Tuesday, March 26, 2019

The Artistic Gene

My aunt was a wonderful artist.  She painted, she drew and everybody's house is filled with her artwork.  One uncle also created great "monsters" that we all love and after his death, everyone took one or more to have.  My father was a musician.  He may have worked for the post office his whole life, but his love was music and the only times I remember him "happy" are when he was either listening to his vast collection of jazz records, or sitting at the piano playing.  I am told that his mother was a good piano player, but gave it up and in all the years I knew her I had no idea of how good she had been in her younger years.  His father was an Irish tenor in vaudeville. All of those genes passed me by, but filtered through me to my children.  All five of them were musical.  Jeri has made a career out of it, but all the boys played guitar.  Ned still sits in with other bands and sometimes performs in public, either on guitar or drum, or both.  He was the drummer for Lawsuit. 

Tom doesn't perform in public, but he can play his guitar.  Dave played guitar too, and Paul was lead singer of Lawsuit and played guitar.

Before she got her degree in music at Berklee College of Music and then joined their faculty, where she has  taught for more than 10 years, Jeri was a theater major and got her masters degree in Theater Design.

While she was here this past week, she cleaned the last of her "stuff" out of the house, mailed a lot to Boston, and threw away lots and lots of her work from college years.  There were two set designs, for example, which are incredibly intricate and which Alice Nan insisted she had to keep, though she had no room for them, so left them here, with instructions to us to throw them away if we wanted to.

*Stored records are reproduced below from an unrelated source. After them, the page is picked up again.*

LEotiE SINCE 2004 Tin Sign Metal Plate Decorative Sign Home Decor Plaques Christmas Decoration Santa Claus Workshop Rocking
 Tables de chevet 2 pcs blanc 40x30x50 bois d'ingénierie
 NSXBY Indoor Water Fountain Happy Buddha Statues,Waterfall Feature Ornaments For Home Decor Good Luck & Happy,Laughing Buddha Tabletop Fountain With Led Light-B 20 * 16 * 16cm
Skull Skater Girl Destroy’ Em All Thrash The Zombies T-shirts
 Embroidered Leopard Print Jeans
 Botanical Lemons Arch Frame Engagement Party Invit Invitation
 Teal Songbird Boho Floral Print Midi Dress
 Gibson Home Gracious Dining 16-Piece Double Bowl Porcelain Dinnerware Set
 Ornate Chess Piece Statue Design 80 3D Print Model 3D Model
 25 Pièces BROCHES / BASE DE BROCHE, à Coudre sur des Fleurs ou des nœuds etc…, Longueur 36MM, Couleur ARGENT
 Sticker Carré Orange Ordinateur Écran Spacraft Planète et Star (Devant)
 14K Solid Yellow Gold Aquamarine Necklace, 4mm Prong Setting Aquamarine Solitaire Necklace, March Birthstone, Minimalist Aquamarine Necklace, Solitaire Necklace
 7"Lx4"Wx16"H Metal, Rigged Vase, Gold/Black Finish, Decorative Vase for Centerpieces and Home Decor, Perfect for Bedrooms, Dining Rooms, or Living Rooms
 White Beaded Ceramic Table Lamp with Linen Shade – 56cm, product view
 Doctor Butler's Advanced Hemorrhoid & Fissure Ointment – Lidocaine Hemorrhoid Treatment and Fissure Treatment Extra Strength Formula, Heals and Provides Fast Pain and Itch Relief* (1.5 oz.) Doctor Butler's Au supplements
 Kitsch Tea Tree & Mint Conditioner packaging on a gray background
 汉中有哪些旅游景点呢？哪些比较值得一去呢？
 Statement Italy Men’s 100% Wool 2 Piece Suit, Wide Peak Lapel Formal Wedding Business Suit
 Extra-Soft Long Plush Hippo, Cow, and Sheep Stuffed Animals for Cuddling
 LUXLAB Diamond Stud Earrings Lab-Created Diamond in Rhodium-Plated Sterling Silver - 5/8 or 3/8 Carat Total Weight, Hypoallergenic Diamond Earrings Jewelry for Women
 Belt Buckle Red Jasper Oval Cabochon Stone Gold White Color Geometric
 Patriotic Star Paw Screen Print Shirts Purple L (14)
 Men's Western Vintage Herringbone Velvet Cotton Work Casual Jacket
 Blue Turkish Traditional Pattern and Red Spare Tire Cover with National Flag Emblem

Sadly, I can't remember which shows these were for, but Walt particularly liked the top one because the back of it is a map of Ireland. They are both so incredibly intricate that I, with my two left thumbs am amazed that a child of mine can create something like this.

Then there are the costume designs, which she tossed in the garbage and I insisted she take out so I could at least take pictures of them.  These two, for example, from Midsummer Night's Dream:


Puck and Francis P. Flute

She has always drawn great cartoon-y figures and I love how these look.  You can't see it, but the sign pointing to Puck's flower says "squirt flower."  Obviously this was a modern day production.  Sadly, my favorite from the Midsummer collection somehow disappeared, but it was beautiful. 

Then there are these from The Cherry Orchard


And these from Another Part of the Forest


These are the sorts of things that you hate to throw away but really....what is the point of keeping them when you are trying to downsize.  I have now photographed them all, and I guess I'll have to do what Jeri tried to do -- throw them away.  Sadly.